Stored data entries
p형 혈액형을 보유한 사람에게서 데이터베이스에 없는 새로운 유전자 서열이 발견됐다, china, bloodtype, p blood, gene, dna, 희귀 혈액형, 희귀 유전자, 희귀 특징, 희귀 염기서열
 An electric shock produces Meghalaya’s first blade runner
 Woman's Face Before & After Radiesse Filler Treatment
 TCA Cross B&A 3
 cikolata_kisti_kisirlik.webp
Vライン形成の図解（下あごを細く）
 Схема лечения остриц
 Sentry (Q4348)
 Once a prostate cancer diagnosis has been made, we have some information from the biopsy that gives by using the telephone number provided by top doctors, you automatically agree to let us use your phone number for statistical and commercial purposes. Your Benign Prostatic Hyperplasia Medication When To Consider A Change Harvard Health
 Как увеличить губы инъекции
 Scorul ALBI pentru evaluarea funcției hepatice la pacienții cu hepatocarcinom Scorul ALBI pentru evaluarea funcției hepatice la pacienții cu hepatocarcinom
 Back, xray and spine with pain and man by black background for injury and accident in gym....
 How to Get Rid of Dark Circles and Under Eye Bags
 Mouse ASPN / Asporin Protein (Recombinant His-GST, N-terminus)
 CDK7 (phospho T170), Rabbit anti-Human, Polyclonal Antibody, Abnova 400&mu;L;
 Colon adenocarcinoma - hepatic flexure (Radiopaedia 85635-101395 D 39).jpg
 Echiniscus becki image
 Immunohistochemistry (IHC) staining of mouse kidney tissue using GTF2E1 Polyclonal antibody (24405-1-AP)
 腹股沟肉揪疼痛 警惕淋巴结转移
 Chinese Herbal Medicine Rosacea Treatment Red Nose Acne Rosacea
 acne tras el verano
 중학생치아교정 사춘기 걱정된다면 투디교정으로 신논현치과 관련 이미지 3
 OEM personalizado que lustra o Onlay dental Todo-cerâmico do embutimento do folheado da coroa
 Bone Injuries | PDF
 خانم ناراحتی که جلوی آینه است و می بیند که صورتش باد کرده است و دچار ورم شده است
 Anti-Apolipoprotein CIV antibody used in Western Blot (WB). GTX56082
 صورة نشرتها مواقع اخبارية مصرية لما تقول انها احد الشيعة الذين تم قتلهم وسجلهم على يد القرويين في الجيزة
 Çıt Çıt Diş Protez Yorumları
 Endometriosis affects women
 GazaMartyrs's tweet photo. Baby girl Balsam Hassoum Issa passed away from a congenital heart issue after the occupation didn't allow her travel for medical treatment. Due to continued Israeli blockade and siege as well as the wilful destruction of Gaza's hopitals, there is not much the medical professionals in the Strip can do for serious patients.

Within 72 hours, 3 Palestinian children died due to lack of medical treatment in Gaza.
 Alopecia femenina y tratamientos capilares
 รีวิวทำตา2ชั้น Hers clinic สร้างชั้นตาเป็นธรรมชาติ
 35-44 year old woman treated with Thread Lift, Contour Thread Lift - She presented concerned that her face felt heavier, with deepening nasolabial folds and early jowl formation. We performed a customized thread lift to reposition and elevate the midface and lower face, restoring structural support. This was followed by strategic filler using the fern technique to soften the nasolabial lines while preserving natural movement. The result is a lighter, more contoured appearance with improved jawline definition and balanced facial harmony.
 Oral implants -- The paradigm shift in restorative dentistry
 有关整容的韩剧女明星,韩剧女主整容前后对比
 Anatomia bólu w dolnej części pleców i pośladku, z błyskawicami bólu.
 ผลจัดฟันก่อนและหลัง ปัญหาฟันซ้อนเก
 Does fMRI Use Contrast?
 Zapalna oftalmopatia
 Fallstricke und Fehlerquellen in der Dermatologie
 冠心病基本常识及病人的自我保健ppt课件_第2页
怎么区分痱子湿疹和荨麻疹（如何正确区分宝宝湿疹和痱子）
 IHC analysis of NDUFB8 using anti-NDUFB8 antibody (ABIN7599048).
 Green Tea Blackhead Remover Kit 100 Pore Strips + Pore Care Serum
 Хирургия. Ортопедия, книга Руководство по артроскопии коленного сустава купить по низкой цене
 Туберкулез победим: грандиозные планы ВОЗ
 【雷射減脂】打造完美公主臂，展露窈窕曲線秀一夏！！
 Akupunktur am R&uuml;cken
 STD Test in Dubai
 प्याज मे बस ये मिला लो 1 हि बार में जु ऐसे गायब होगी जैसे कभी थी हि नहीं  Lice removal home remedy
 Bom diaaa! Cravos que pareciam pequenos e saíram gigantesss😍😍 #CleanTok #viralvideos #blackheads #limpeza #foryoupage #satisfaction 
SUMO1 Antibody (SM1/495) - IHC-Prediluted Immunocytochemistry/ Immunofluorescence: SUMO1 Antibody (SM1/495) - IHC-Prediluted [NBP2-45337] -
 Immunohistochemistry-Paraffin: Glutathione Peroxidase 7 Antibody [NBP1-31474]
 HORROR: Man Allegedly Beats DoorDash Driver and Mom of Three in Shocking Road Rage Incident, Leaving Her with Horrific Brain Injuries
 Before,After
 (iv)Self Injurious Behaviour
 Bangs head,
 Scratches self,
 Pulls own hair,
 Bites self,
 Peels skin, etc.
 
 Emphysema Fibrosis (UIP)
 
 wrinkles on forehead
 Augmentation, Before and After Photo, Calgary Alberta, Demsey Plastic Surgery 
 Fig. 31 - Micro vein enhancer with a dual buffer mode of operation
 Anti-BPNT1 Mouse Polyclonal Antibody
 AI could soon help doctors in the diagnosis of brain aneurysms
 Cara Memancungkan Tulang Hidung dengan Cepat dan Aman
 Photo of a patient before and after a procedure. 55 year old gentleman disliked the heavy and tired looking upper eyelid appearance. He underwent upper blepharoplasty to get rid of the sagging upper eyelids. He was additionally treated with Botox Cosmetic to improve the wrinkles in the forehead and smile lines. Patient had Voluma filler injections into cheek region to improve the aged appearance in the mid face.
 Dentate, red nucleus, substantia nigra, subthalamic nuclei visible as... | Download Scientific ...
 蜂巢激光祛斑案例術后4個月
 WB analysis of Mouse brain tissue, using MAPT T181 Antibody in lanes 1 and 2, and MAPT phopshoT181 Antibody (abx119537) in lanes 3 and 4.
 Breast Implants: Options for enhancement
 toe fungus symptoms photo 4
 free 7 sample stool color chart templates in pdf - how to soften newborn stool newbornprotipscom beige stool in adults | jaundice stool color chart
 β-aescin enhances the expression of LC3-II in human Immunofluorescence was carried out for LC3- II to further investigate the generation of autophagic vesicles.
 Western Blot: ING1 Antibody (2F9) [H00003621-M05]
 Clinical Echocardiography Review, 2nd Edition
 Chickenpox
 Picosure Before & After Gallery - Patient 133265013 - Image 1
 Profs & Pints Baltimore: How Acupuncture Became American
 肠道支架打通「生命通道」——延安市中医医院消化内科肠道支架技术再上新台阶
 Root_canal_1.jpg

WHAT YOU WILL DO: Set down each record above without changing a single word.

REPLY:
p형 혈액형을 보유한 사람에게서 데이터베이스에 없는 새로운 유전자 서열이 발견됐다, china, bloodtype, p blood, gene, dna, 희귀 혈액형, 희귀 유전자, 희귀 특징, 희귀 염기서열
 An electric shock produces Meghalaya’s first blade runner
 Woman's Face Before & After Radiesse Filler Treatment
 TCA Cross B&A 3
 cikolata_kisti_kisirlik.webp
Vライン形成の図解（下あごを細く）
 Схема лечения остриц
 Sentry (Q4348)
 Once a prostate cancer diagnosis has been made, we have some information from the biopsy that gives by using the telephone number provided by top doctors, you automatically agree to let us use your phone number for statistical and commercial purposes. Your Benign Prostatic Hyperplasia Medication When To Consider A Change Harvard Health
 Как увеличить губы инъекции
 Scorul ALBI pentru evaluarea funcției hepatice la pacienții cu hepatocarcinom Scorul ALBI pentru evaluarea funcției hepatice la pacienții cu hepatocarcinom
 Back, xray and spine with pain and man by black background for injury and accident in gym....
 How to Get Rid of Dark Circles and Under Eye Bags
 Mouse ASPN / Asporin Protein (Recombinant His-GST, N-terminus)
 CDK7 (phospho T170), Rabbit anti-Human, Polyclonal Antibody, Abnova 400&mu;L;
 Colon adenocarcinoma - hepatic flexure (Radiopaedia 85635-101395 D 39).jpg
 Echiniscus becki image
 Immunohistochemistry (IHC) staining of mouse kidney tissue using GTF2E1 Polyclonal antibody (24405-1-AP)
 腹股沟肉揪疼痛 警惕淋巴结转移
 Chinese Herbal Medicine Rosacea Treatment Red Nose Acne Rosacea
 acne tras el verano
 중학생치아교정 사춘기 걱정된다면 투디교정으로 신논현치과 관련 이미지 3
 OEM personalizado que lustra o Onlay dental Todo-cerâmico do embutimento do folheado da coroa
 Bone Injuries | PDF
 خانم ناراحتی که جلوی آینه است و می بیند که صورتش باد کرده است و دچار ورم شده است
 Anti-Apolipoprotein CIV antibody used in Western Blot (WB). GTX56082
 صورة نشرتها مواقع اخبارية مصرية لما تقول انها احد الشيعة الذين تم قتلهم وسجلهم على يد القرويين في الجيزة
 Çıt Çıt Diş Protez Yorumları
 Endometriosis affects women
 GazaMartyrs's tweet photo. Baby girl Balsam Hassoum Issa passed away from a congenital heart issue after the occupation didn't allow her travel for medical treatment. Due to continued Israeli blockade and siege as well as the wilful destruction of Gaza's hopitals, there is not much the medical professionals in the Strip can do for serious patients.

Within 72 hours, 3 Palestinian children died due to lack of medical treatment in Gaza.
 Alopecia femenina y tratamientos capilares
 รีวิวทำตา2ชั้น Hers clinic สร้างชั้นตาเป็นธรรมชาติ
 35-44 year old woman treated with Thread Lift, Contour Thread Lift - She presented concerned that her face felt heavier, with deepening nasolabial folds and early jowl formation. We performed a customized thread lift to reposition and elevate the midface and lower face, restoring structural support. This was followed by strategic filler using the fern technique to soften the nasolabial lines while preserving natural movement. The result is a lighter, more contoured appearance with improved jawline definition and balanced facial harmony.
 Oral implants -- The paradigm shift in restorative dentistry
 有关整容的韩剧女明星,韩剧女主整容前后对比
 Anatomia bólu w dolnej części pleców i pośladku, z błyskawicami bólu.
 ผลจัดฟันก่อนและหลัง ปัญหาฟันซ้อนเก
 Does fMRI Use Contrast?
 Zapalna oftalmopatia
 Fallstricke und Fehlerquellen in der Dermatologie
 冠心病基本常识及病人的自我保健ppt课件_第2页
怎么区分痱子湿疹和荨麻疹（如何正确区分宝宝湿疹和痱子）
 IHC analysis of NDUFB8 using anti-NDUFB8 antibody (ABIN7599048).
 Green Tea Blackhead Remover Kit 100 Pore Strips + Pore Care Serum
 Хирургия. Ортопедия, книга Руководство по артроскопии коленного сустава купить по низкой цене
 Туберкулез победим: грандиозные планы ВОЗ
 【雷射減脂】打造完美公主臂，展露窈窕曲線秀一夏！！
 Akupunktur am R&uuml;cken
 STD Test in Dubai
 प्याज मे बस ये मिला लो 1 हि बार में जु ऐसे गायब होगी जैसे कभी थी हि नहीं  Lice removal home remedy
 Bom diaaa! Cravos que pareciam pequenos e saíram gigantesss😍😍 #CleanTok #viralvideos #blackheads #limpeza #foryoupage #satisfaction 
SUMO1 Antibody (SM1/495) - IHC-Prediluted Immunocytochemistry/ Immunofluorescence: SUMO1 Antibody (SM1/495) - IHC-Prediluted [NBP2-45337] -
 Immunohistochemistry-Paraffin: Glutathione Peroxidase 7 Antibody [NBP1-31474]
 HORROR: Man Allegedly Beats DoorDash Driver and Mom of Three in Shocking Road Rage Incident, Leaving Her with Horrific Brain Injuries
 Before,After
 (iv)Self Injurious Behaviour
 Bangs head,
 Scratches self,
 Pulls own hair,
 Bites self,
 Peels skin, etc.
 
 Emphysema Fibrosis (UIP)
 
 wrinkles on forehead
 Augmentation, Before and After Photo, Calgary Alberta, Demsey Plastic Surgery 
 Fig. 31 - Micro vein enhancer with a dual buffer mode of operation
 Anti-BPNT1 Mouse Polyclonal Antibody
 AI could soon help doctors in the diagnosis of brain aneurysms
 Cara Memancungkan Tulang Hidung dengan Cepat dan Aman
 Photo of a patient before and after a procedure. 55 year old gentleman disliked the heavy and tired looking upper eyelid appearance. He underwent upper blepharoplasty to get rid of the sagging upper eyelids. He was additionally treated with Botox Cosmetic to improve the wrinkles in the forehead and smile lines. Patient had Voluma filler injections into cheek region to improve the aged appearance in the mid face.
 Dentate, red nucleus, substantia nigra, subthalamic nuclei visible as... | Download Scientific ...
 蜂巢激光祛斑案例術后4個月
 WB analysis of Mouse brain tissue, using MAPT T181 Antibody in lanes 1 and 2, and MAPT phopshoT181 Antibody (abx119537) in lanes 3 and 4.
 Breast Implants: Options for enhancement
 toe fungus symptoms photo 4
 free 7 sample stool color chart templates in pdf - how to soften newborn stool newbornprotipscom beige stool in adults | jaundice stool color chart
 β-aescin enhances the expression of LC3-II in human Immunofluorescence was carried out for LC3- II to further investigate the generation of autophagic vesicles.
 Western Blot: ING1 Antibody (2F9) [H00003621-M05]
 Clinical Echocardiography Review, 2nd Edition
 Chickenpox
 Picosure Before & After Gallery - Patient 133265013 - Image 1
 Profs & Pints Baltimore: How Acupuncture Became American
 肠道支架打通「生命通道」——延安市中医医院消化内科肠道支架技术再上新台阶
 Root_canal_1.jpg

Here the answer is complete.